Your answer should hold only the lines from the one containing "2 ��. ��������, 60/-/15" through the last line below, copied exactly; pictures stay out.
****************************************
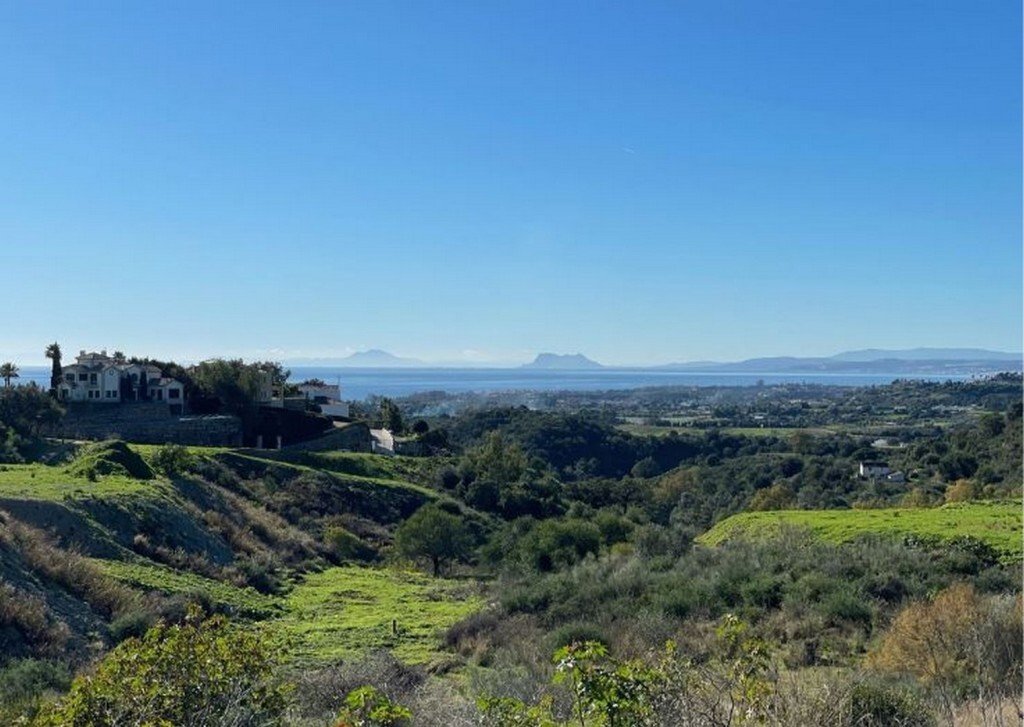 Land in Gualdalmansa, Estepona, Andalusia 1 - 13808674
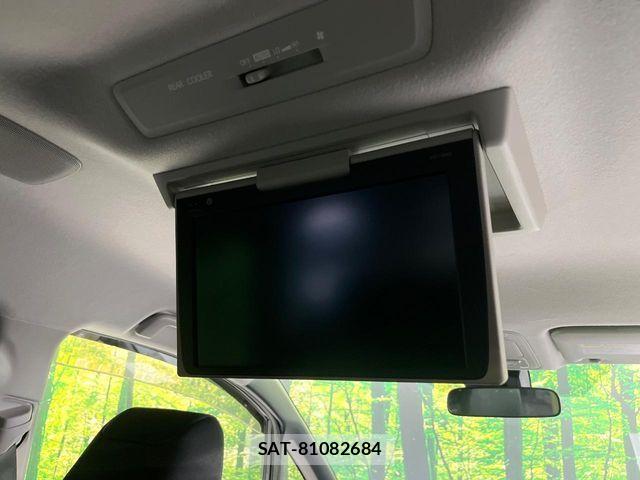 Toyota VOXY 2016-09 8662282-1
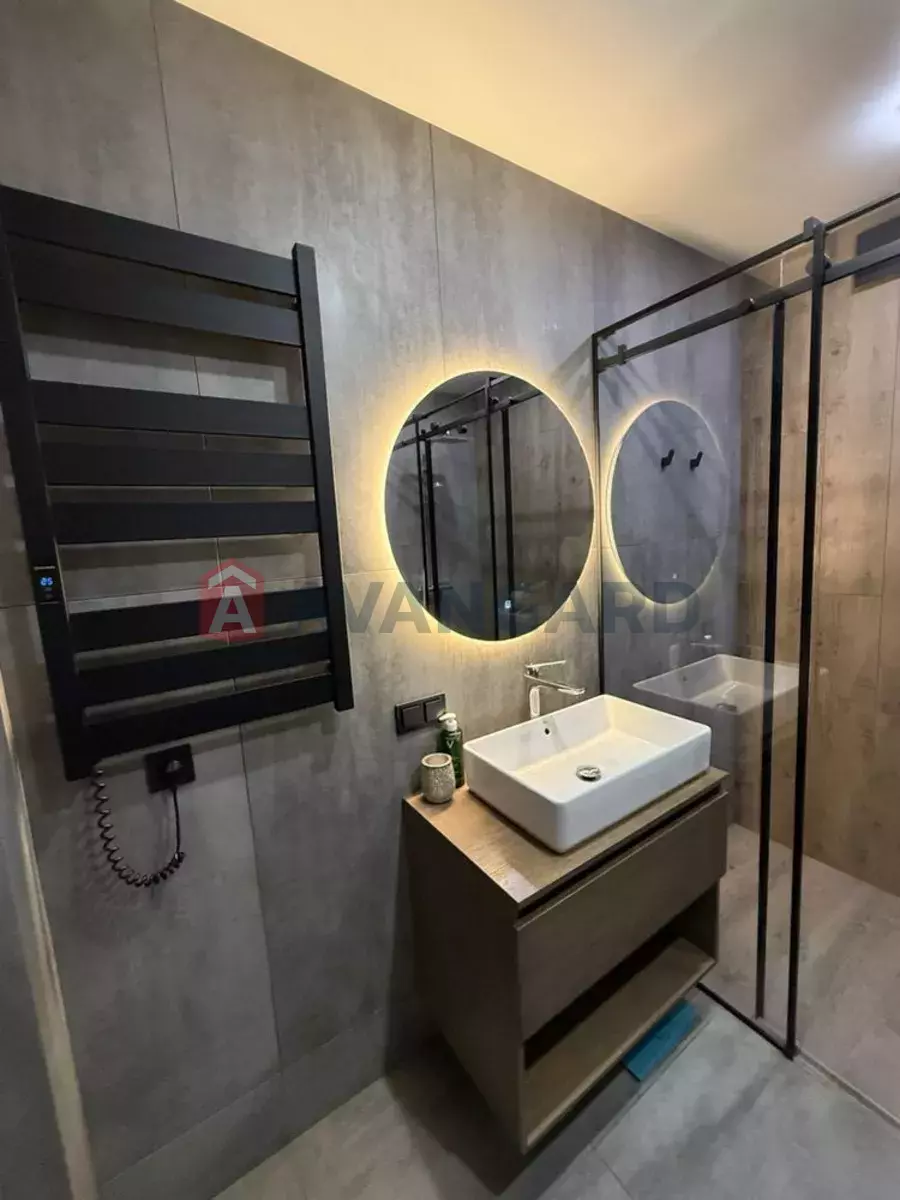 2 ��. ��������, 60/-/15 ��. �., 12/12 ������ ���� 13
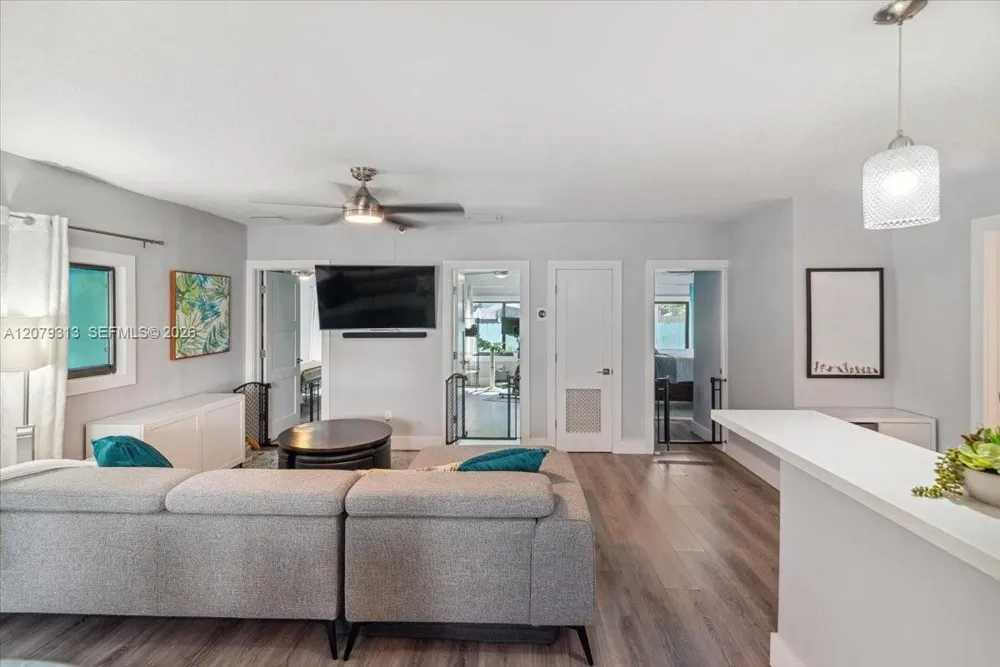 2434 Lincoln St Hollywood, FL 33020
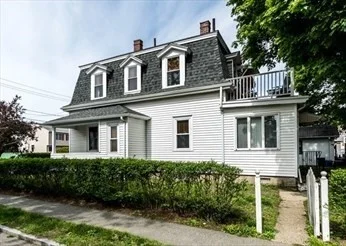 149 Grove St, Waltham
****************************************
ANSWER FOR THIS EXERCISE -
 2 ��. ��������, 60/-/15 ��. �., 12/12 ������ ���� 13
 2434 Lincoln St Hollywood, FL 33020
 149 Grove St, Waltham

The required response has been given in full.